The View co-host Alyssa Farah Griffin worked in Donald Trump‘s White House in 2020, when Trump was the fairly elected President of the United States. When she was told by Trump’s Chief of Staff that Trump planned to stay in the White House despite having lost the 2020 election to President-elect Joe Biden, Griffin chose democracy, she says, and reports, “I gave my resignation the next day.”
“Make no mistake,” writes Griffin, a conservative voice on the ABC talk show, “Trump & his chief lieutenants were trying to unlawfully & unconstitutionally remain in power despite losing the election.”
The then-White House Chief of Staff said nearly the identical thing to me on Dec 3rd of 2020. I gave my resignation the next day.
— Alyssa Farah Griffin (@Alyssafarah) November 13, 2023
Make no mistake: Trump & his chief lieutenants were trying to unlawfully & unconstitutionally remain in power despite losing the election. https://t.co/Rm63VYyftX
What Chief of Staff Mark Meadows said to Griffin three years ago is relevant because Griffin says her experience matches testimony given by former Trump campaign lawyer Jenna Ellis, who says that Trump Deputy Chief of Staff for Communications Dan Scavino told her after the election that “the boss is not going to leave under any circumstances. We are just going to stay in power.”
Griffin says she was told “nearly the identical thing” in December of 2020.

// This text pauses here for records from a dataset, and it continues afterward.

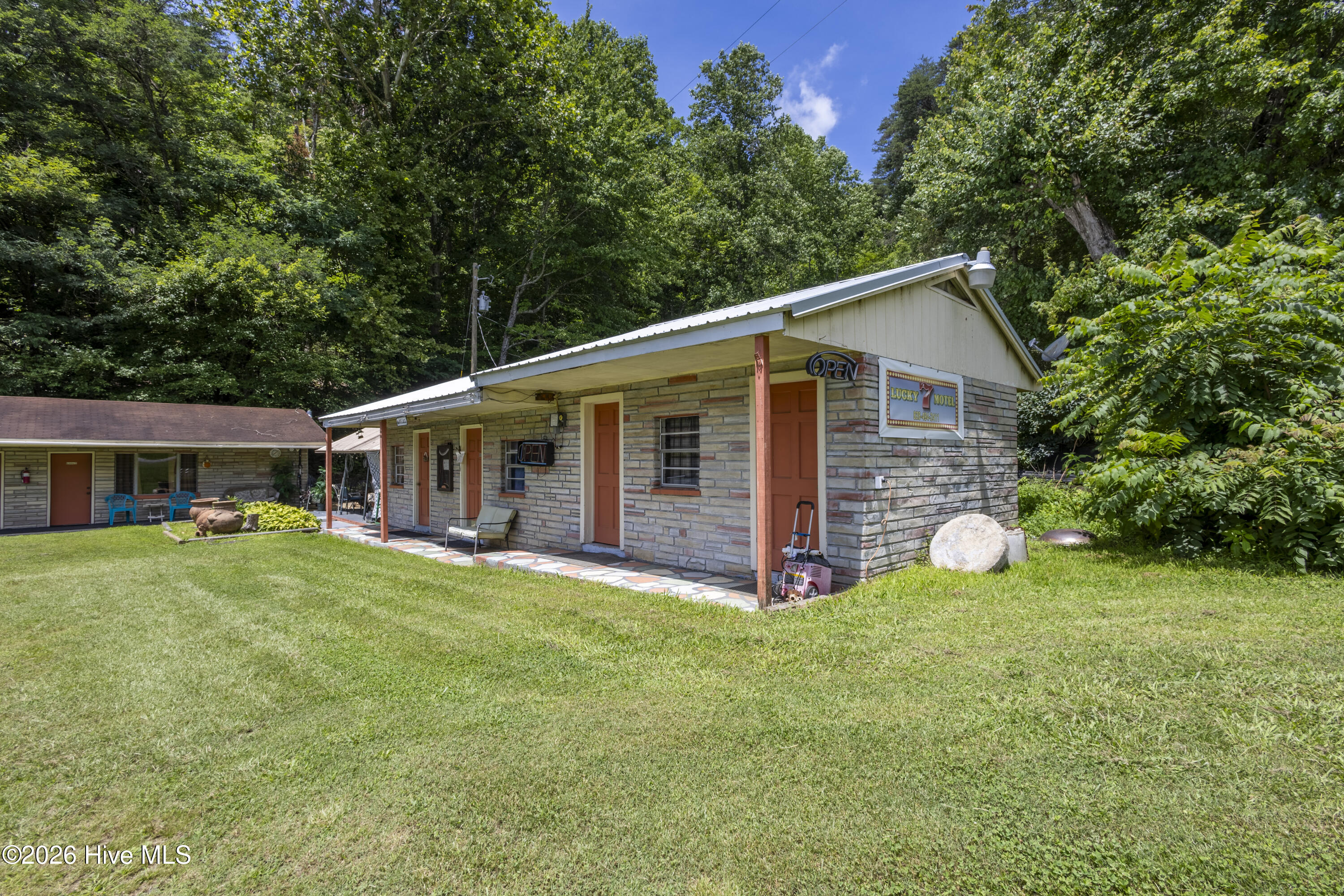 19853 W. Us 64 Property Photo 9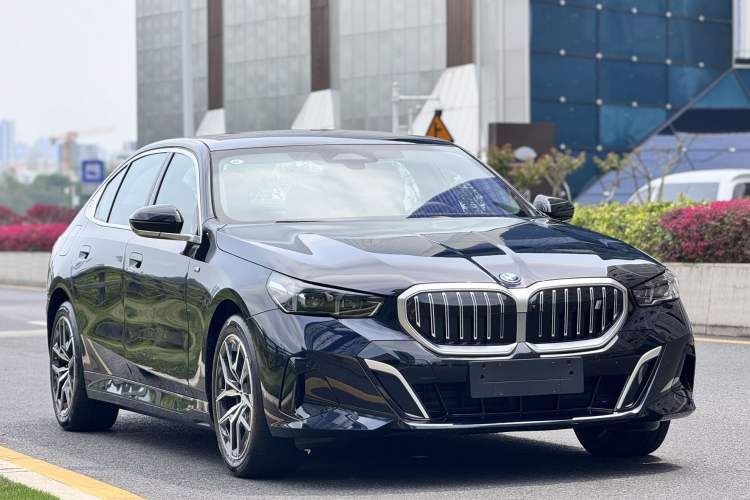 Used BMW i5 2025 eDrive 40L M Sport Package
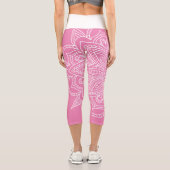 Hot Pink und White Mandala Yoga Capri Leggings (Rückseite)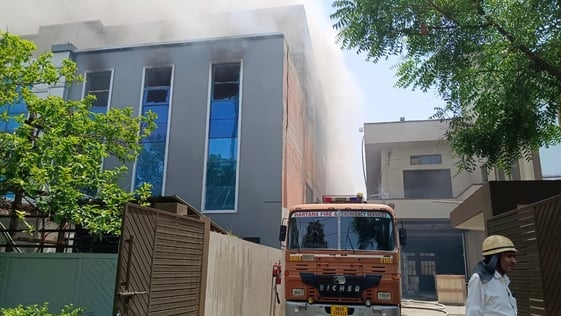 फोटो 23: सोनीपत के बड़ी औद्योगिक क्षेत्र स्थित फैक्टरी से उठता धुआं, आग पर काबू पाने के लिए पहु फोटो 23: सोनीपत के बड़ी औद्योगिक क्षेत्र स्थित फैक्टरी से उठता धुआं, आग पर काबू पाने के लिए पहु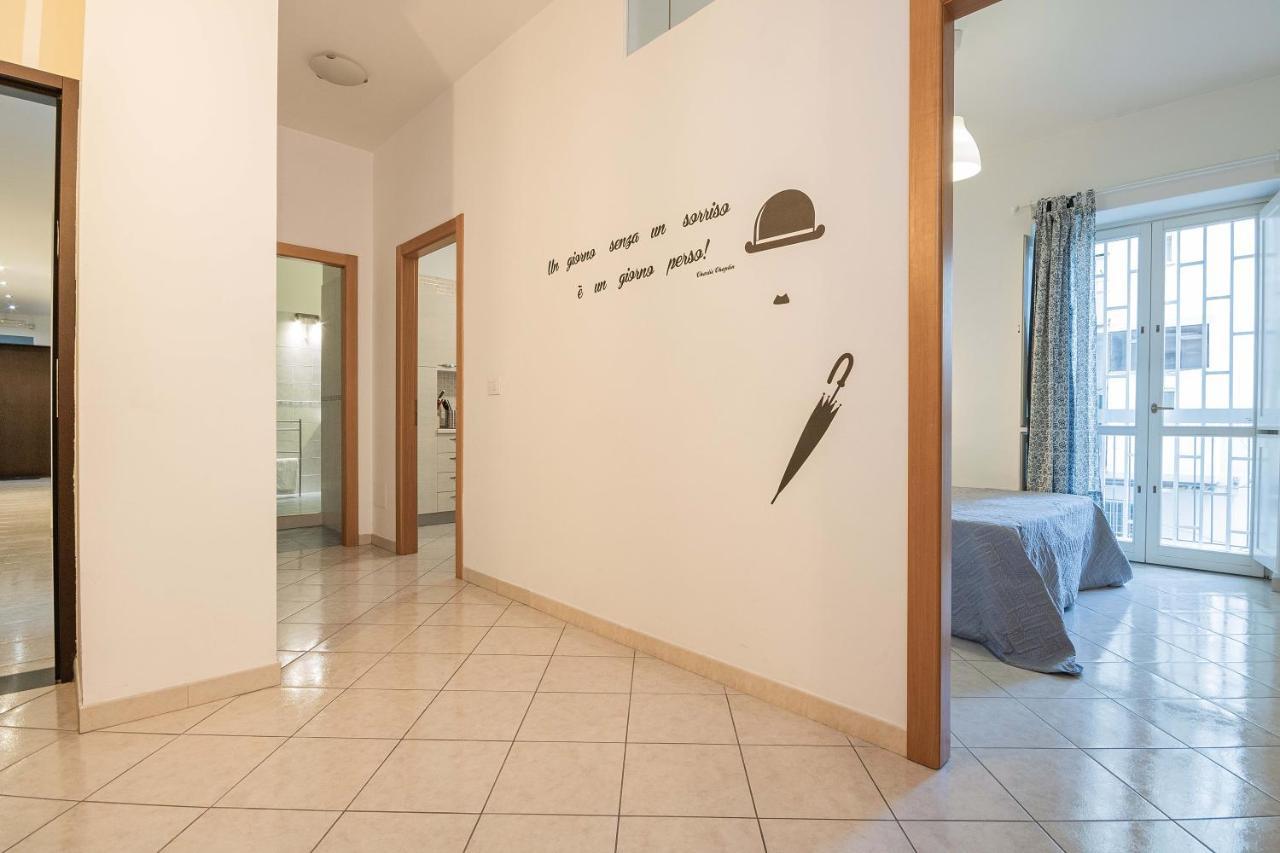 Nuovo Appartamento Beige Bari Exterior foto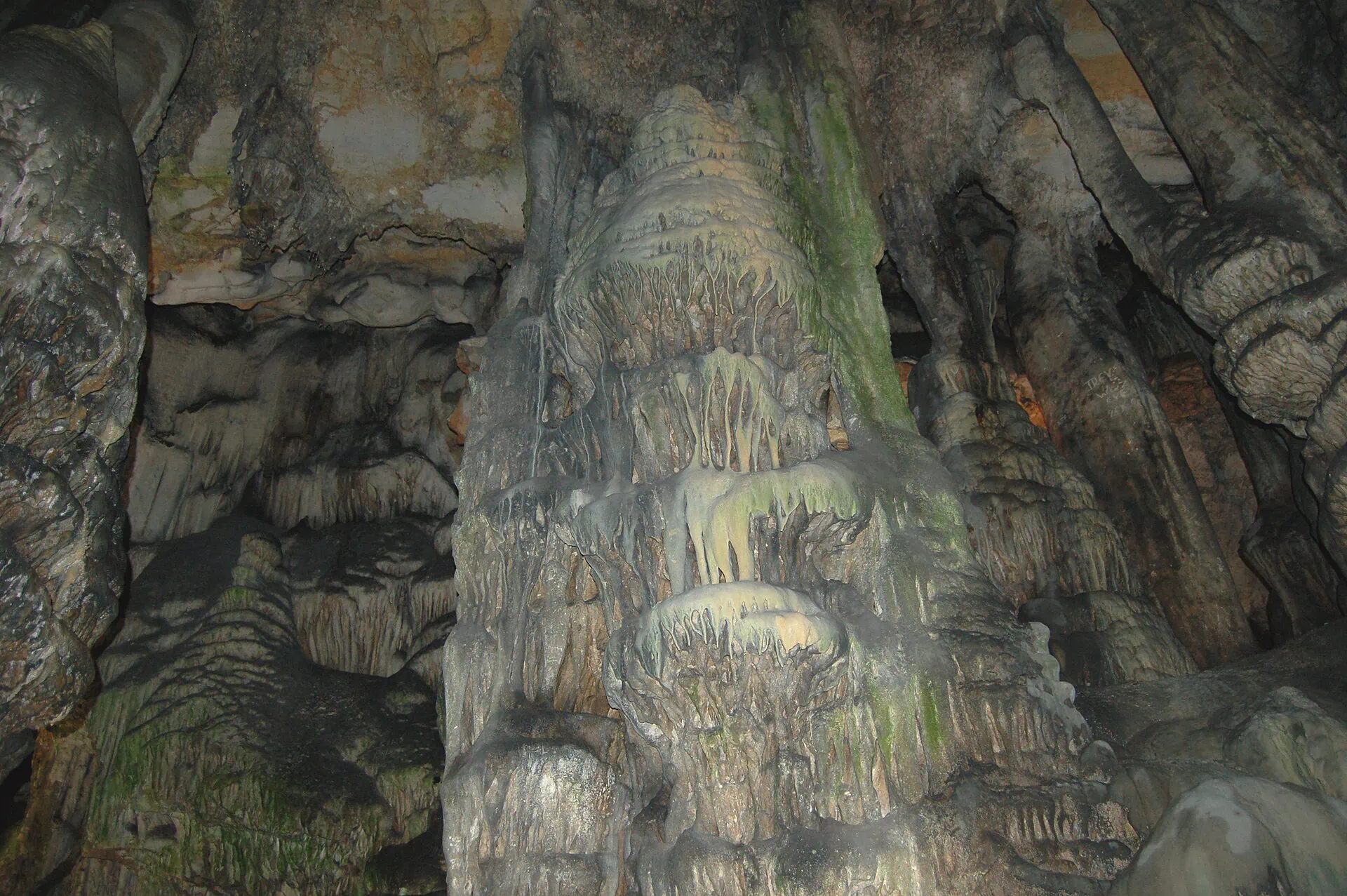 Jeskyně svatého Michala (St. Michael's Cave)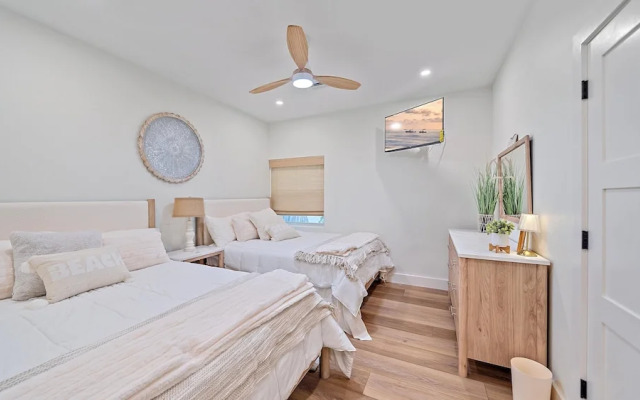 The Beach House 2 Bedroom Condo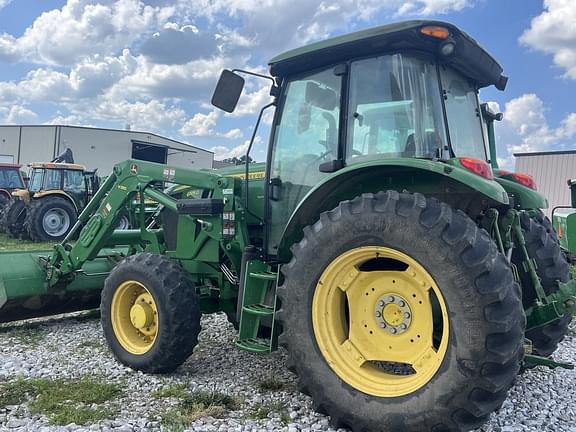 Image of John Deere 6105D equipment image 1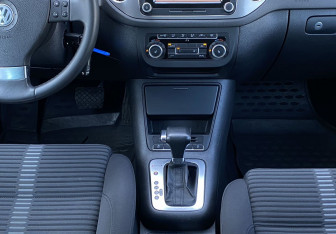Подержанный автомобиль Volkswagen Tiguan 2010 года (13 фото)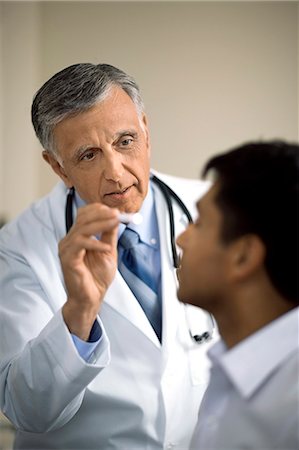 simsearch:693-06022049,k - Senior doctor testing the eyesight of a patient. Foto de stock - Sin royalties Premium, Código: 6128-08798998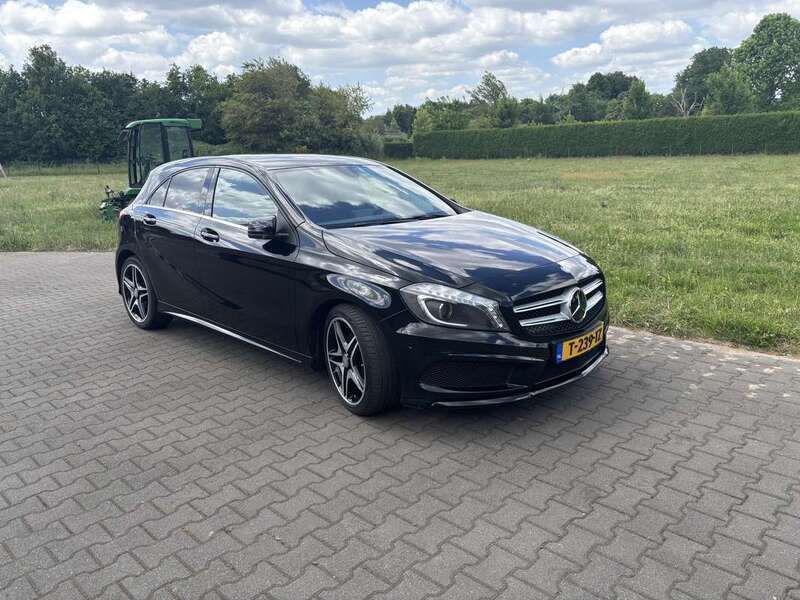 Zwart Gebruikt 2013 Mercedes A180 Prestige Stationwagen | € 15.000 (Eerlijke prijs) - Afbeelding 1/4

Griffin’s story doesn’t directly corroborate Ellis’s testimony, but it lends credence and adds plausibility to Ellis’s report about what she was told. Both Meadows and Scavino served the Trump administration until the end, which did — despite these dire threats — occur on January 20, 2021.
Speculation abounds as to which party leaked Ellis’s proffer testimony, arrived at as part of her plea settlement. Prosecutors said they were not behind the leak, which they called “clearly intended to intimidate witnesses in this case, subjecting them to harassment and threats prior to trial.”
The remaining defendants in the Fulton County election interference conspiracy case had access to the videos. Portions of proffer testimony by other defendants who made plea deals — Sidney Powell, Kenneth Chesebro, and Scott Hall — were also leaked.